After about five minutes of debate Friday, the Government Administration and Elections Committee approved legislation to add Connecticut to an inter-state agreement to cast its electoral ballots for the presidential candidate that receives the most votes nationally.
If passed, Connecticut would join eight other states and the District of Columbia in the National Popular Vote Compact. The agreement would become effective if enough states joined so that 270 electoral votes, or enough votes to win the election, went to the winner of the popular vote.
The committee approved the bill on a 9-5 vote along party lines.

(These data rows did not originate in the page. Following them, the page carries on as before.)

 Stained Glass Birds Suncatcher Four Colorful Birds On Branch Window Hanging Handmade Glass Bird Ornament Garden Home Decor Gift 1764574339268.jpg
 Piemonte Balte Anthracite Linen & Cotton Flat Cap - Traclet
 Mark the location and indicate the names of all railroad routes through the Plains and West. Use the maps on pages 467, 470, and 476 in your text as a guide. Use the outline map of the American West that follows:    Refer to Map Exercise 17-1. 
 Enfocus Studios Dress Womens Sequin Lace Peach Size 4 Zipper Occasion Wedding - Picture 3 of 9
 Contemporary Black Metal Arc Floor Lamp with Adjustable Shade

Rep. Tony Hwang, the committee’s ranking Republican, said he opposed the bill because he felt the compact bypassed the Electoral College.

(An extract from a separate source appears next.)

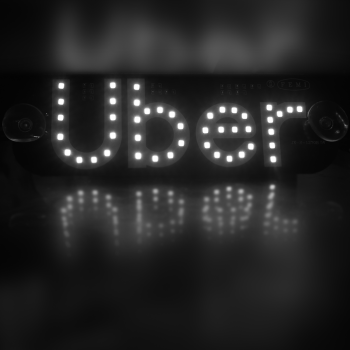 PLACA DE LED UBER USB BRANCO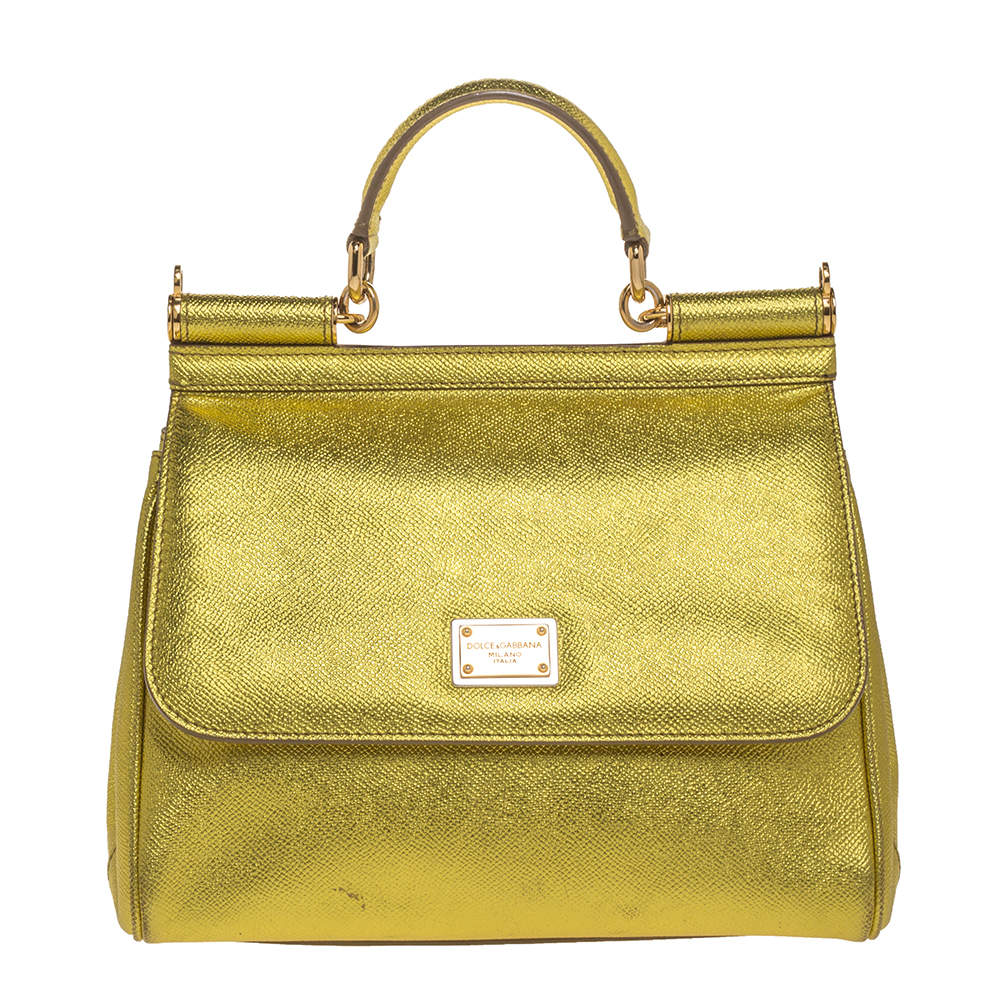 Pre Owned Dolce & Gabbana Metallic Lemon Leather Medium Miss Sicily Top Handle Bag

“In summary, it’s a circumvention of our constitution,” he said.
Hwang said he also had concerns about how recounts would be administered when a presidential election ended with a close vote nationally.
“We’re rushing to find solutions for a problem that may not necessarily be there,” he said.

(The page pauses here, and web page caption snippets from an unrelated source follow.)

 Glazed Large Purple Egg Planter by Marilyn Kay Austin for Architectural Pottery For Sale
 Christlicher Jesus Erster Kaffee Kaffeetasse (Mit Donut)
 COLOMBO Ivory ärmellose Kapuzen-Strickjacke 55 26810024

Rep. Matt Lesser, D-Middletown, disagreed.
“This is something that a lot of us have been fighting for for years. It’s a basic question of fairness and far from being an end run around the constitution it protects the state’s role in determining how we allocate our electoral votes in the way that is most fair for the people of our country,” he said.
Despite some debate and lobbying efforts last year in favor of the National Popular Vote, the Government Administration and Elections Committee never raised a bill. In 2011, it was voted out of committee but never raised in the House of Representatives.
According Barry Fadem, President of the National Popular Vote, the electoral college has “permitted candidates to win the Presidency without winning the most popular votes nationwide in 4 of our 57 elections — 1 in 14 times.
The issue has been up for discussion in recent years because of the 2000 election, which saw the Bush-Cheney campaign win the White House with a 271-266 electoral vote advantage despite polling 540,520 fewer popular votes than Gore-Lieberman.